А царевич Гвидон нисколько не удивился смеху Щуки, ни самому смеху, ни тому, как он звучал. Видать та мера удивления, которая для него на сегодня была определена закончилось, потому так оно и получилось.
– И всё–таки нужен тебе тот, кто тебя жизни и для жизни воспитает, ой как нужен.
– Опять ты за своё, загадками разговариваешь?
– Это не загадки. – проскрипела Щука. – Это как раз наоборот, отгадки. Так что смотри царевич Гвидон в небо, почаще и повнимательнее. – и, подобно Анне Ивановне, ну почти один в один. – Что–то заболталась я с тобой, а у меня дел полный омут. Прощай, некогда мне.

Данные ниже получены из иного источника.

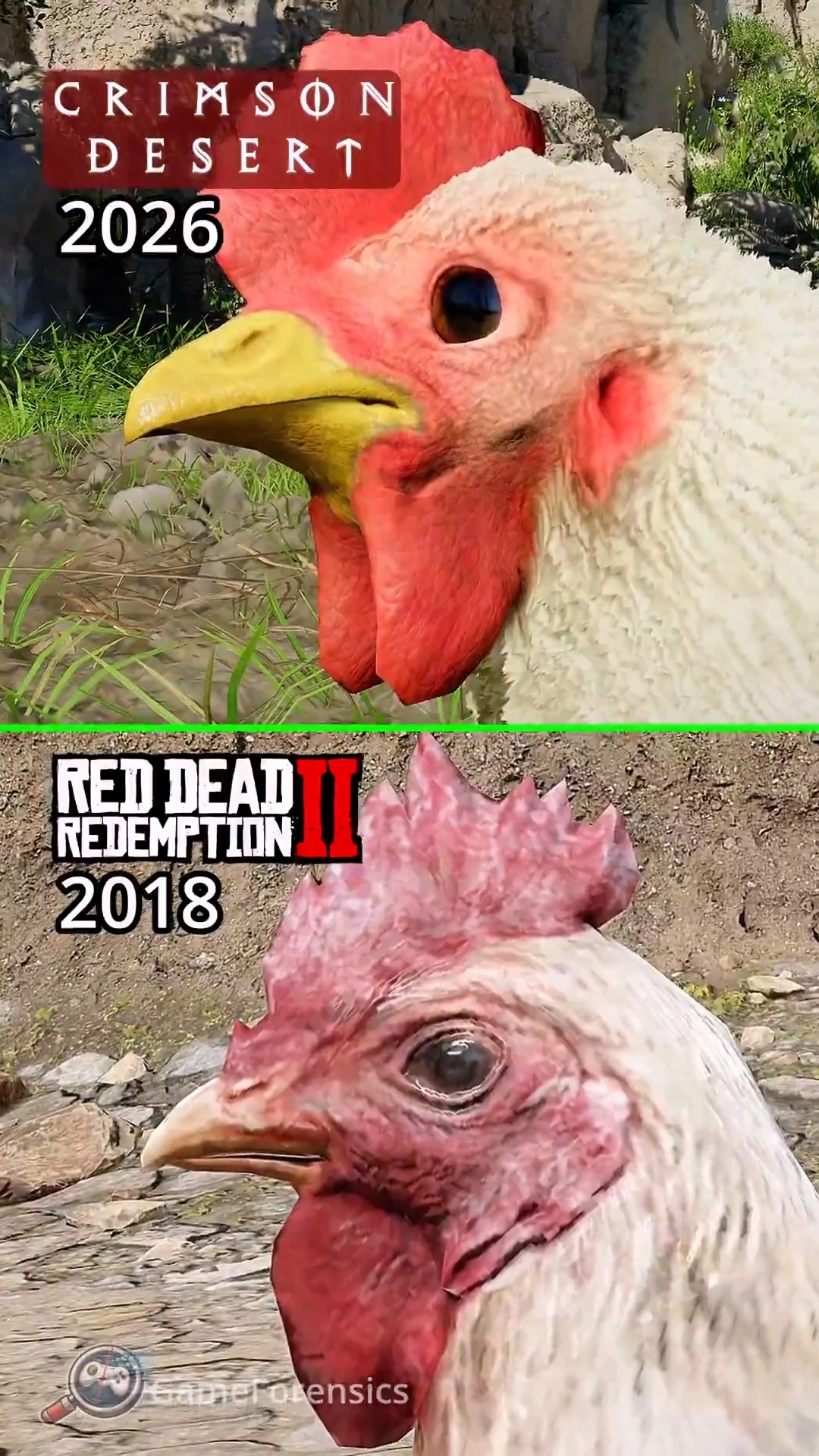 德国足协杯,赛事受暴雨,影响,永利高101net会员登录入口,永利高101net官网,永利高101net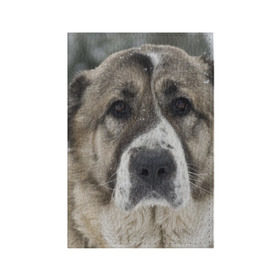 Обложка для паспорта матовая кожа с принтом САО (алабай) в Кировске, натуральная матовая кожа | размер 19,3 х 13,7 см; прозрачные пластиковые крепления | большая огромная | грозная | добрая | друг человека | животное | красивая | милая | пес | породистая собака | породы | прикольная | сао алабай | щенок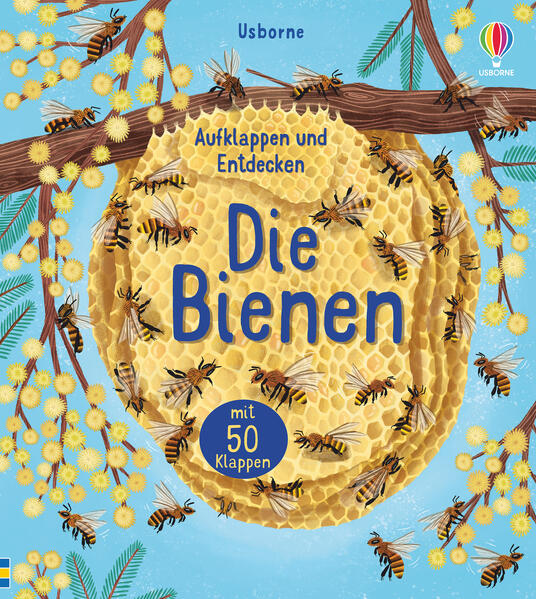 Aufklappen und Entdecken: Die Bienen Emily Bone 9781789415568 Usborne im dtv (1)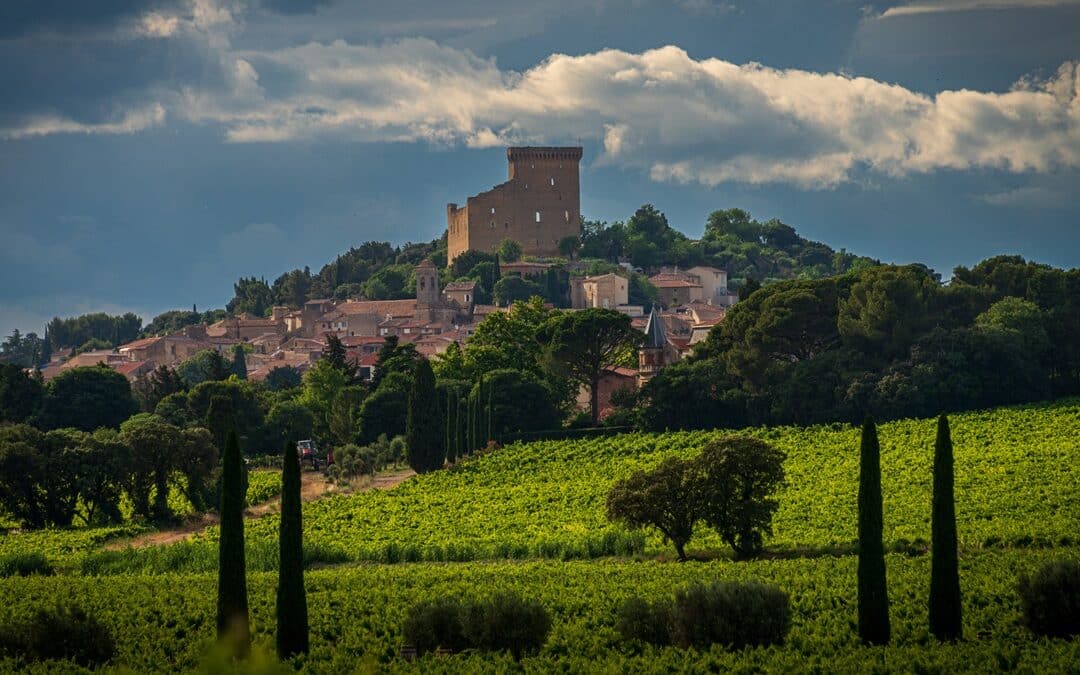 Où est produit le vin Châteauneuf-du-Pape ?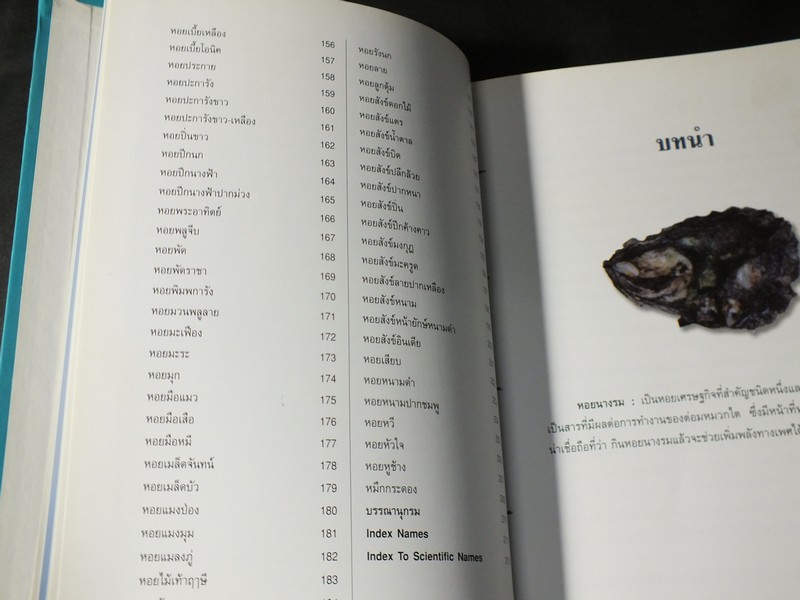 หอยเป็นยา ตามตำรับยาการเเพทย์เเผนไทย โดย เเพทย์หญิงเพ็ญนภา ทรัพย์เจริญ ปกแข็ง ปี 2545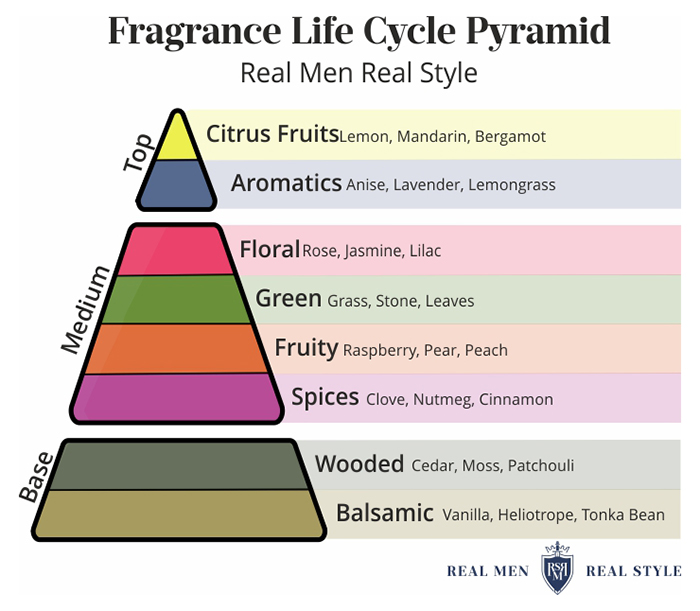 fragrance notes explained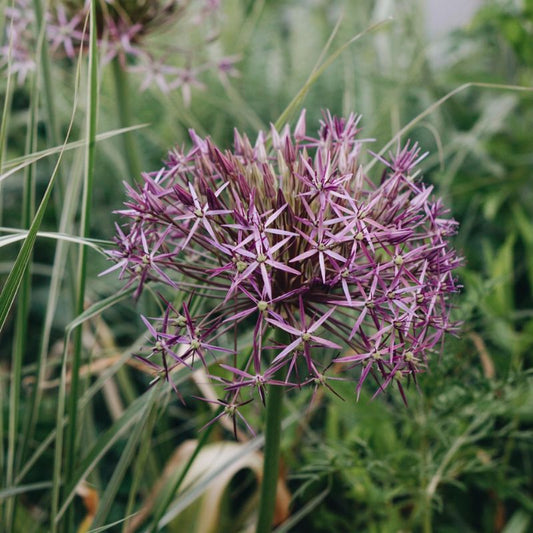 Allium christophii (sterrenlook, 10 stuks)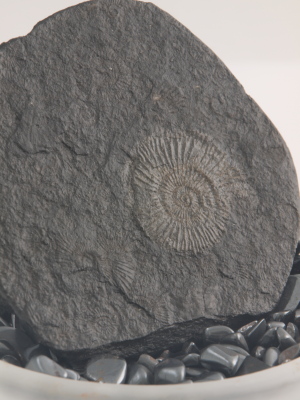 Ammonite Fossil in Matrix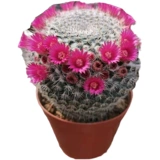 Yuweng Fairy Basin Plant Plant Office Office Desktop Radiation Green Plant Canculats Cantular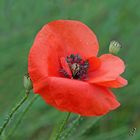 Rouge coquelicot .....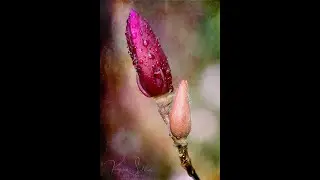 Focus Blend in Photoshop CC 2020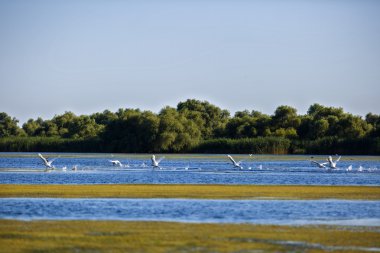 Pelecanus onocrotalus doğal çevre, Tuna Deltası 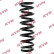 Coil Spring RA1039 Kayaba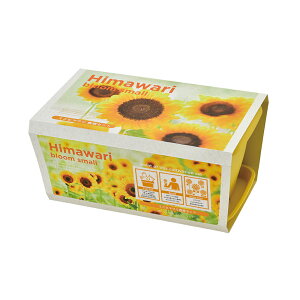 GWCv^[ G_} } ~jg}g ~jq} ͔|Lbg ƒ؉ Lb`؉ ؉ ؉   V| xW t[ v^[    qǂ 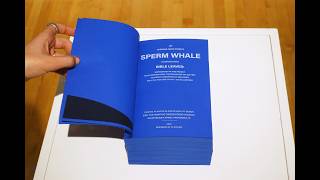 RISD Graphic Design Master's Thesis: Situational 情境中
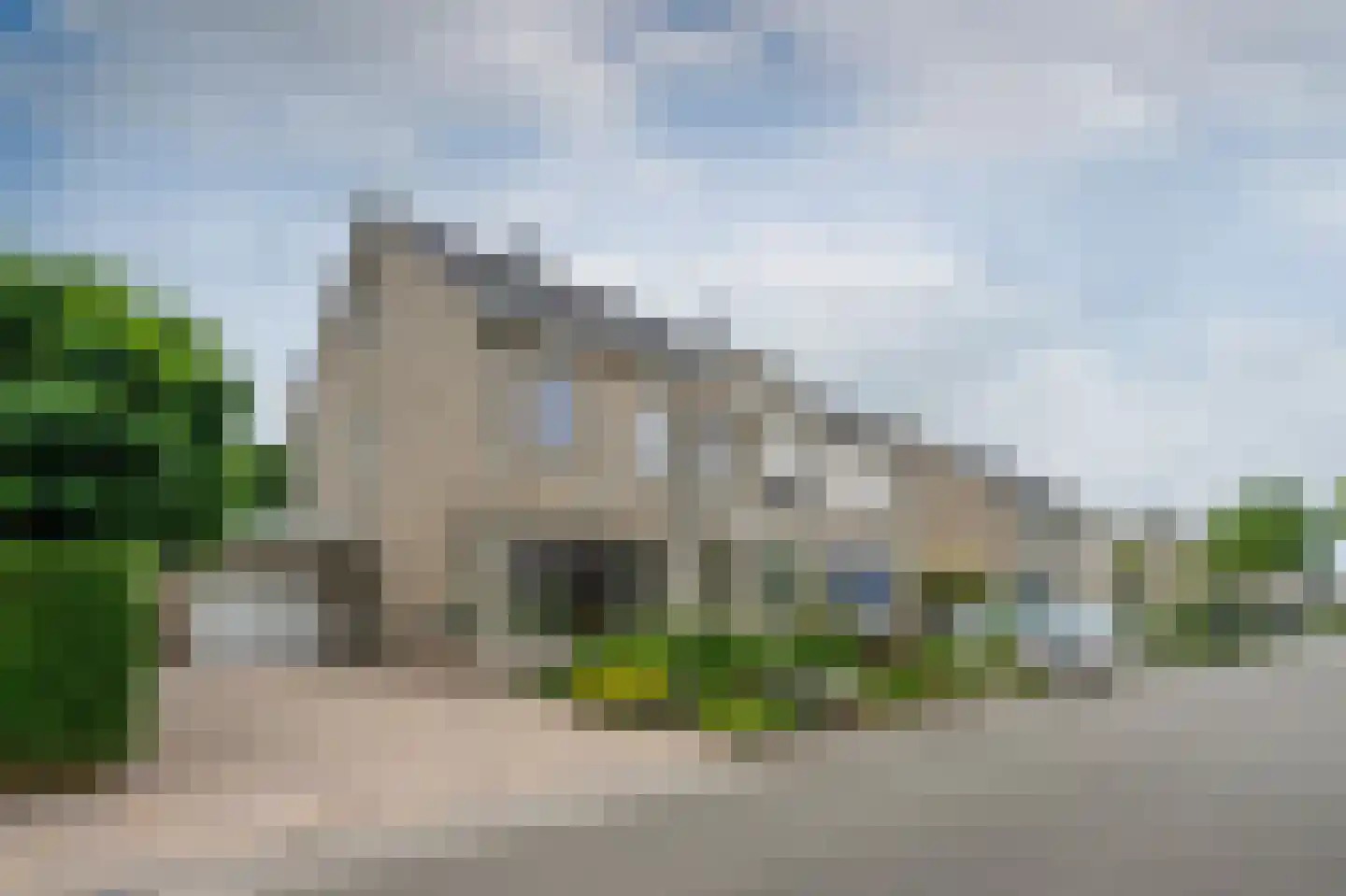 Grijskopspecht 10 Emmen thumbnail 43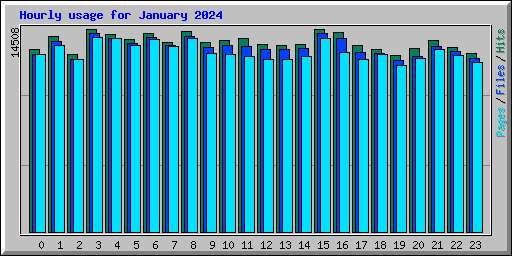 Hourly usage for January 2024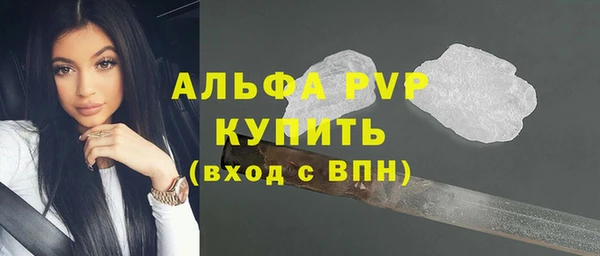 индика Аркадак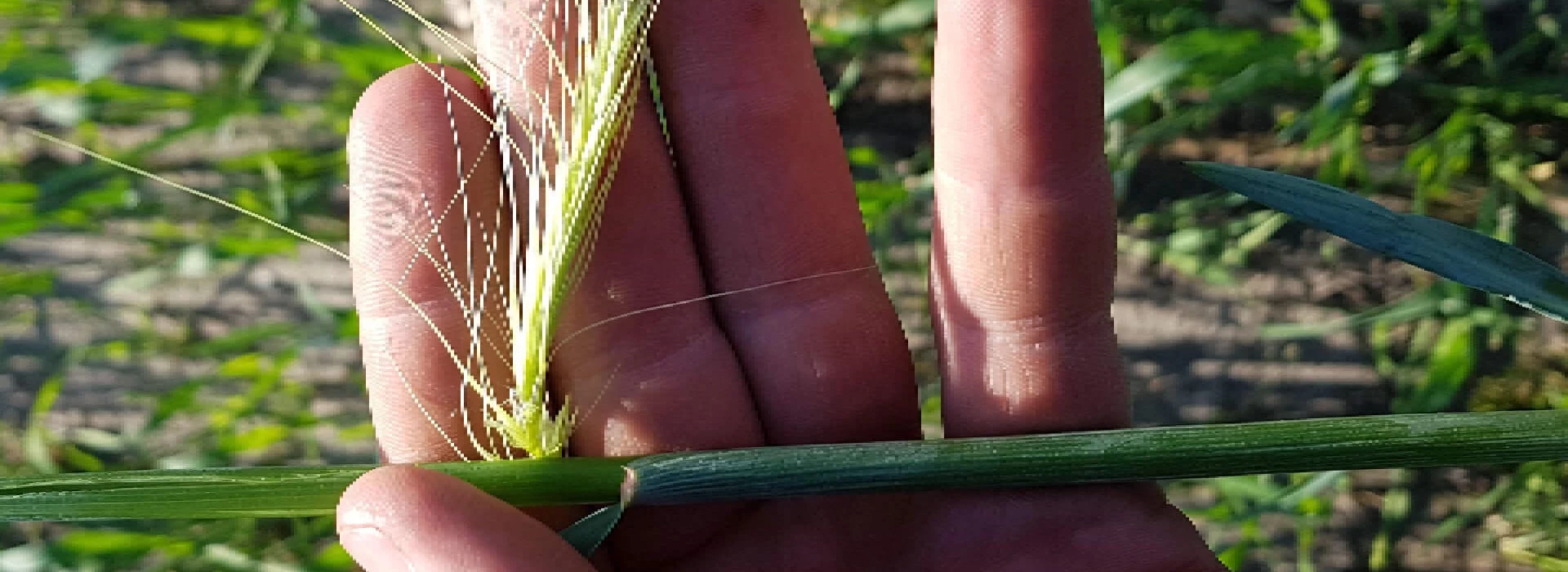 Snelle lente rogge maaimoment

Тихий всплеск воды и Щуки, как и Анны Ивановны в лесу, как будто и вовсе не было. Царевич Гвидон опять остался один, огорошенный, обрадованный и огорчённый одновременно загадочными разговорами, что в лесу, с Анной Ивановной, что здесь, со Щукой. Он опять прилёг, спешить было некуда, раскинул руки и принялся смотреть в небо. Но теперь, помня совет Щуки, смотрел он внимательно, даже можно сказать, пристально, но ничего особого и другого не увидел. Всё было тоже самое, как и в прошлый раз, ну разве что на птиц стал внимание обращать. А вот птицы на царевича Гвидона внимания никакого не обращали, летали себе и летали, и было им совершенно наплевать и безразлично на человека, который развалился в траве и бездельничает в то самое время когда другие делом заняты.
По дороге домой царевич Гвидон старательно исполняя совет Щуки тоже старался всё больше смотреть вверх, в небо, чем себе под ноги. В небе ничего особенного не увидел, зато два раза запнулся о какие–то ветки и чуть было не упал, а один раз так вообще, чуть было штаны себе не порвал.